Outside of the major firms, legal finance startups are showing promising gains of their own.
Burford. Burford Capital, one of the largest litigation finance firms in the world, has had a particularly turbulent month in the press following a number of criticisms of the decade-old firm’s practice. In addition to some reported ethical concerns surrounding some individuals at Burford, arguably the biggest thread has followed accusations from hedge fund and research firm Muddy Waters surrounding the litigation finance firm’s accounting practices. Muddy Waters alleged in August that, despite its prior reputation as “the ultimate ‘trust me’ stock,” Burford misrepresented its financial figures and manipulated the value of its cases. In addition, Muddy Waters alleges governance concerns.
Following the release of the complaint, Burford’s share price fell more than 40 percent in value. In the weeks that followed, Burford posted a response to Muddy Waters’ claims, saw their shares recover some of the lost ground, and suggested Muddy Waters was guilty of illicit market manipulation. Some argue that these developments spell trouble—and more regulation—for the litigation finance industry as a whole, while others believe Muddy Waters’ concerns largely misunderstand how the industry works. One thing is clear: this dispute is far from settled.
Vannin. Elsewhere in the industry, Vannin Capital recently announced it has been acquired by Fortress Investment Group. Vannin Capital notably planned to go public in September 2018 before delaying the initial public offering the following month. Fortress will acquire all equity in Vannin Capital, but the remaining details surrounding the entity’s future remain unclear. The deal is expected to be completed by the end of September.
Oasis. Litigation funder Oasis Financial, along with a group of former CEOs and founders, has filed several lawsuits since its sale to Parthenon Capital in 2016. The most recent case alleges that attorneys at Littler Mendelson and Kirkland & Ellis, along with others, facilitated the 2016 sale with fraudulent documents and insufficient or intentionally deceptive communication with all stakeholders. The $71 million deal has sparked a flurry of lawsuits involving Oasis, its former founders, and others involved in the transaction.

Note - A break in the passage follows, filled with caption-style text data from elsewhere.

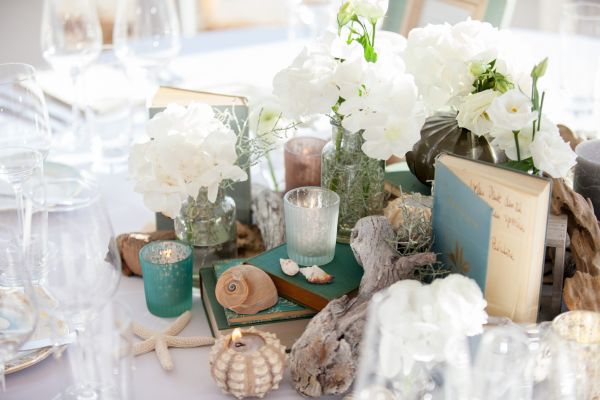 Hochzeit: Tisch-Dekoration im Vintage-Beach-Stil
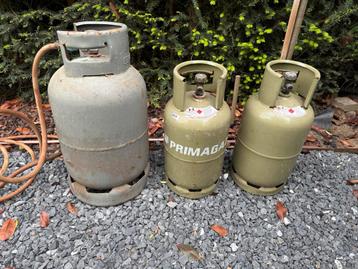 1 Grote en 2 kleine gasflessen beschikbaar voor biedingen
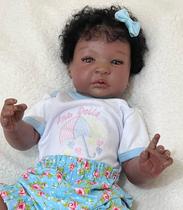 Bebe Reborn Menina Boneca, Enxoval completo com 20 itens, Pode Tomar Banho, Corpo de Vinil Silicone, Marca do pezinho e da Vacina, 50cm de Altura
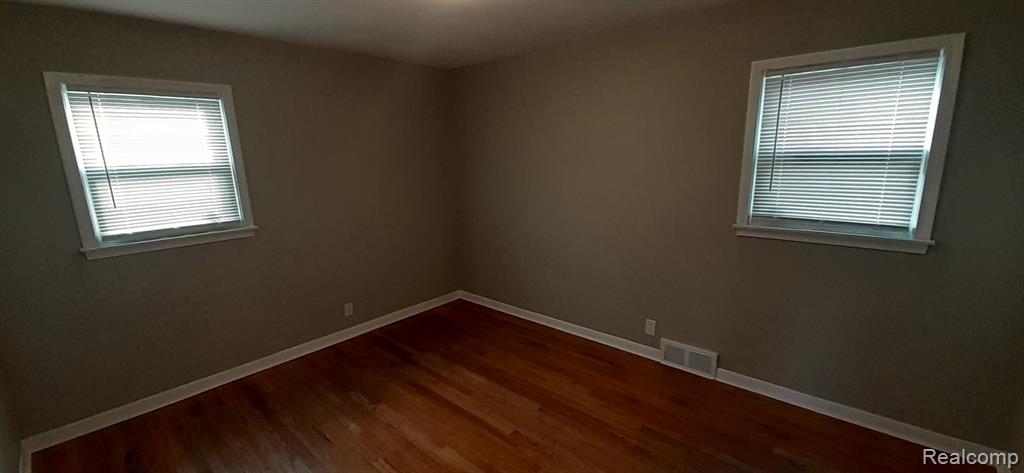 18070 Prosper Avenue Eastpointe, MI 48021 - Photo 10 of 19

Legalist. Outside of the major firms, legal finance startups are showing promising gains of their own. Legalist, the self-avowed AI-powered litigation finance firm founded in a Harvard dorm in 2016 and subsequently supported by startup accelerator Y Combinator, recently raised $100 million to fund plaintiffs in more than 100 cases across a two-year span. Just a few months earlier, in June 2019, former U.S. Circuit Court of Appeals judge Richard Posner signed on with the startup in an advisory role. “The principal motive for my retirement was the failure of the court to treat litigants without financial resources fairly,” said Posner according to a statement. “Litigation finance patches an important hole for businesses with valid claims who lack the funds to hire an attorney.”